In a press release notifying the public of the county's ninth positive case, Conlon said they will begin to share more information about the public places people who have tested positive have been while they have been infectious because of the increased movement of people at this time.

In regards to how cases, both positive and negative, will be counted for people who do not permanently live in the county, she said they are asking those people who are tested to list their address as their northern address, not wherever they are actually from.

"So that we get that count because they're actually living here during the time that they're infectious," she explained. "And it's important for us to know, number one, that they're here and we're doing their contact investigation, but also for us to have those counts so that people understand what is the risk and where are our numbers at."

She said if people are only in the county for a few days, the results of the test likely will not count as a case for the county. She said most of the time, county public health departments will let another county know if someone who tests positive had traveled to their county, but she stated every department, especially those outside the state, work differently.

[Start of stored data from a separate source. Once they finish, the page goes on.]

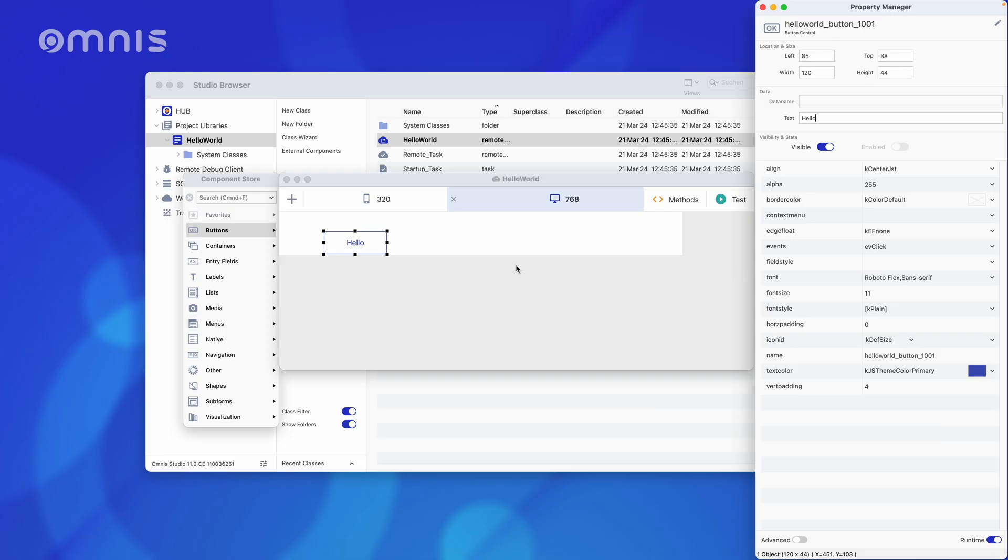For this to happen, we need to edit the code behind the button. By behind the button, I actually mean in the dollar event method, or in other words, the method that is triggered when something happens to the button. In this case, when you have pressed the button.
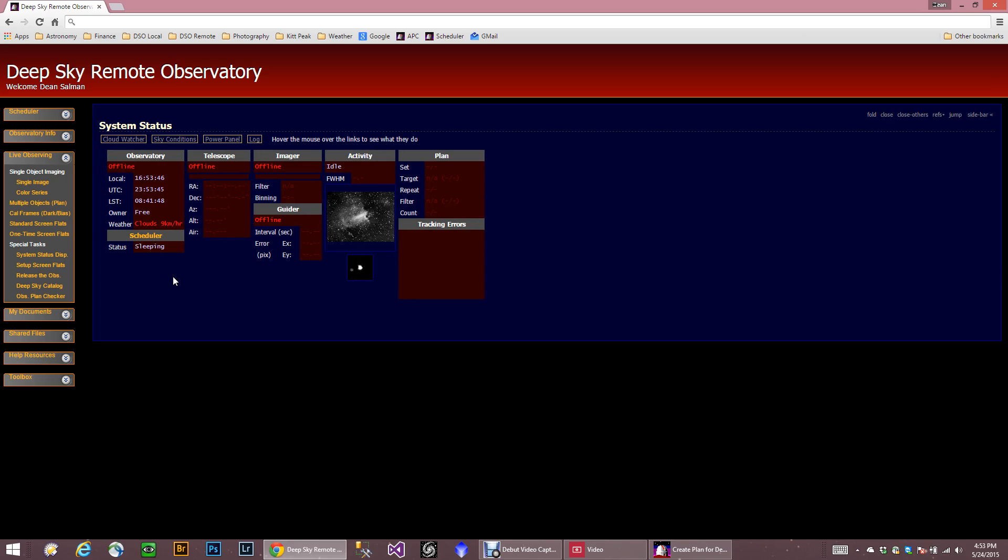What I want to talk about is how you actually use this interface to start an image. Now, we are in the daytime, so we're not actually going to be imaging. But I will go through these steps one by one.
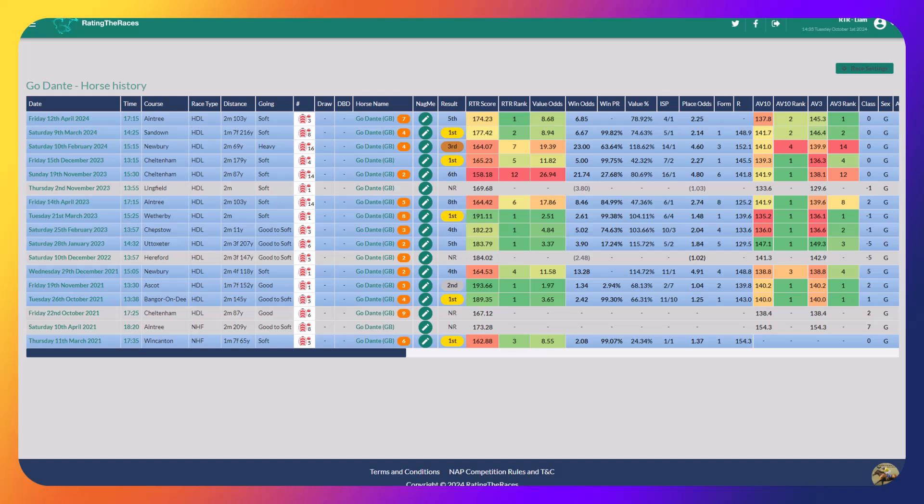And if he hadn't missed 20, 25 lengths at the beginning, he wins comfortably. So the fact the handicapper left him on 134, you've got to think there's unfinished business for Go Dante.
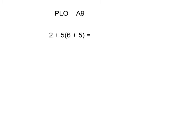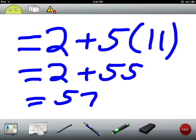PLO A9 can also be easily satisfied with ScreenChomp, and A9 is explain and apply the order of operations excluding exponents with and without technology. If we ask the question 2 plus 5 times (6 plus 5) equals, our students can quickly answer. Our super learners quickly respond that the answer is 57.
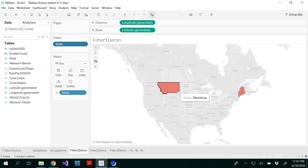If you want, you could clear the first filter and select all states with a total number of cases under 10,000 — you would get more states. This is one way that you would select the filter.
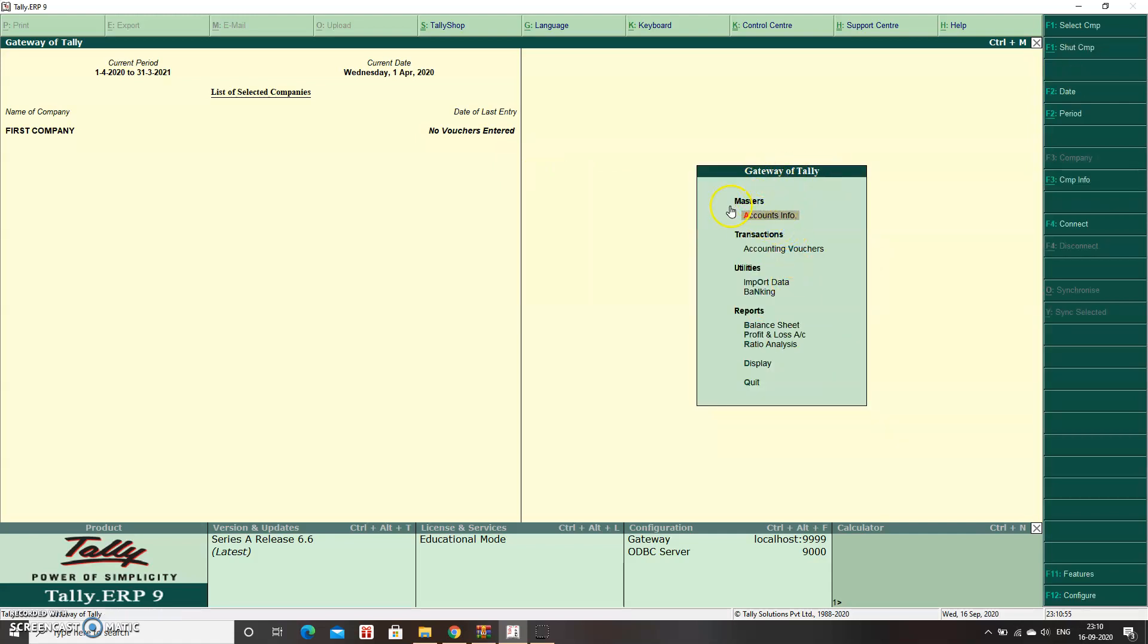Even under Gateway of Tally Masters, Inventory is gone. Now the company is set to accounts only type, not inventory type.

NewsChannel 7 asked if the public would be notified if the department becomes aware of an outside visitor who tested positive traveled to the county. Conlon said it would depend on the case. If the person did not have significant exposure in the county, for example, stayed in their cabin and ordered delivery during their stay, they likely would not alert the public as a whole so as not to cause unnecessary concern. However, if that person was out in the community more and was not taking recommended safety protections, they may issue a press release.